- [Available records]
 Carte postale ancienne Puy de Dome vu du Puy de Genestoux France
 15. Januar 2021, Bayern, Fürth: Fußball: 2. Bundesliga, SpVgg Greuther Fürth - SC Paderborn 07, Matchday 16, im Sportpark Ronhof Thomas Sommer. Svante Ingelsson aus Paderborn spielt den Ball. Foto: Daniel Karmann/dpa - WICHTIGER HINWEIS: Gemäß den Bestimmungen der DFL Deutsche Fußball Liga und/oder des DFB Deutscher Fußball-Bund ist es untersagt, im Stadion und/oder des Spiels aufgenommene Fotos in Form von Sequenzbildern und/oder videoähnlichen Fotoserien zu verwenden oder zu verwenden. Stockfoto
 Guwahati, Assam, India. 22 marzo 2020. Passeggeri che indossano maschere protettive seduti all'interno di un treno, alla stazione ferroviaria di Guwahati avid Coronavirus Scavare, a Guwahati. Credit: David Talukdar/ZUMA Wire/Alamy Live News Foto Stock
...
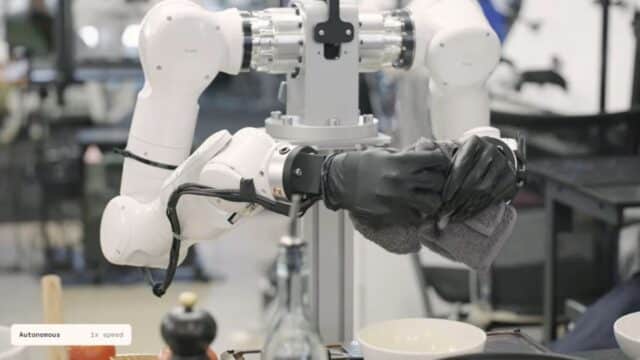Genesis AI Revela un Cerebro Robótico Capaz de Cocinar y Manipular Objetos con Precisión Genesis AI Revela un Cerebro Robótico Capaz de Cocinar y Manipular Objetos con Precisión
==
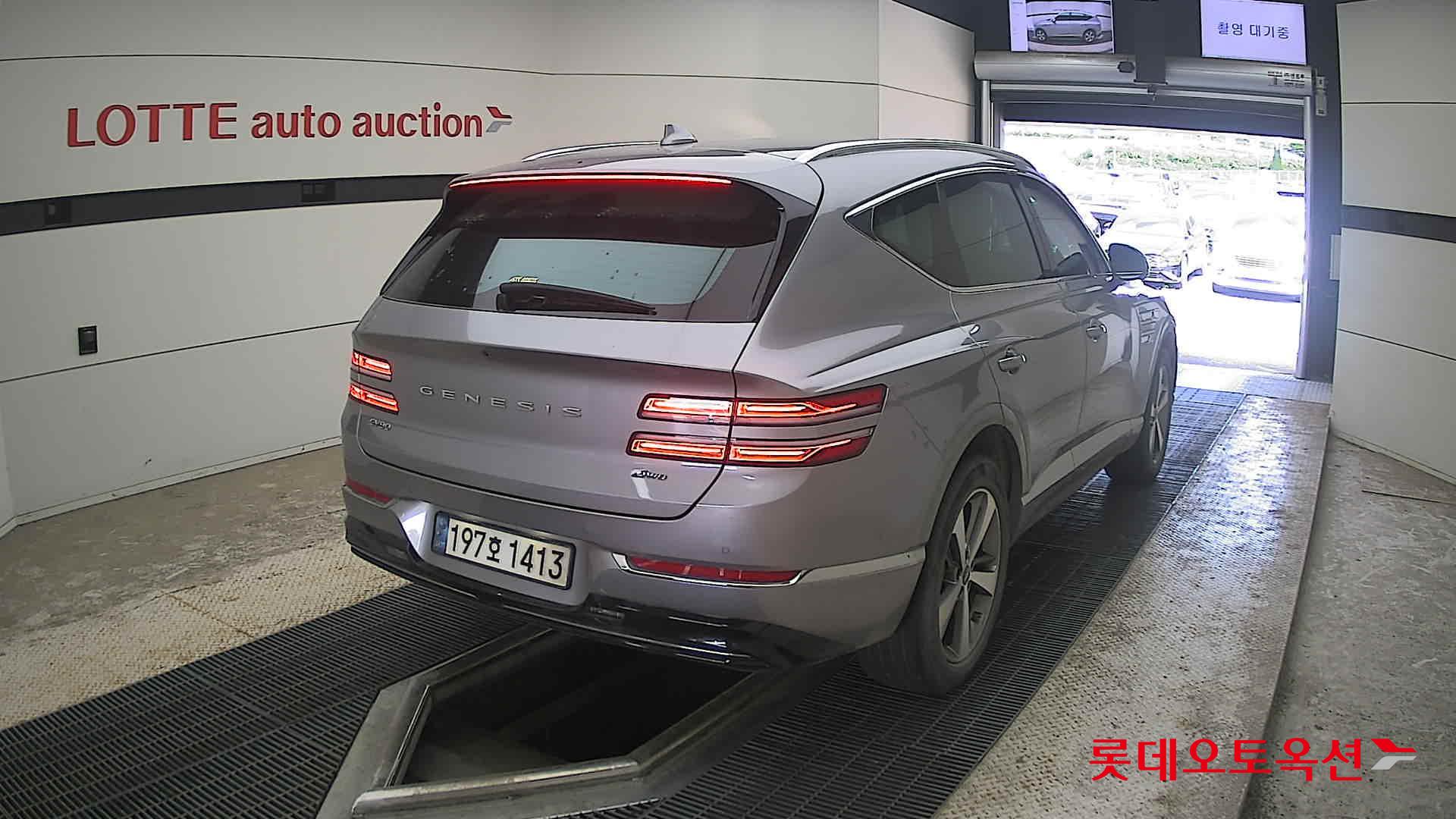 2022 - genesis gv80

- [Problem details] Print, without alteration, only the lines above between the one holding "Carte postale ancienne" and the one holding "Guwahati, Assam, India.", inclusive.

- [Task response]
 Carte postale ancienne Puy de Dome vu du Puy de Genestoux France
 15. Januar 2021, Bayern, Fürth: Fußball: 2. Bundesliga, SpVgg Greuther Fürth - SC Paderborn 07, Matchday 16, im Sportpark Ronhof Thomas Sommer. Svante Ingelsson aus Paderborn spielt den Ball. Foto: Daniel Karmann/dpa - WICHTIGER HINWEIS: Gemäß den Bestimmungen der DFL Deutsche Fußball Liga und/oder des DFB Deutscher Fußball-Bund ist es untersagt, im Stadion und/oder des Spiels aufgenommene Fotos in Form von Sequenzbildern und/oder videoähnlichen Fotoserien zu verwenden oder zu verwenden. Stockfoto
 Guwahati, Assam, India. 22 marzo 2020. Passeggeri che indossano maschere protettive seduti all'interno di un treno, alla stazione ferroviaria di Guwahati avid Coronavirus Scavare, a Guwahati. Credit: David Talukdar/ZUMA Wire/Alamy Live News Foto Stock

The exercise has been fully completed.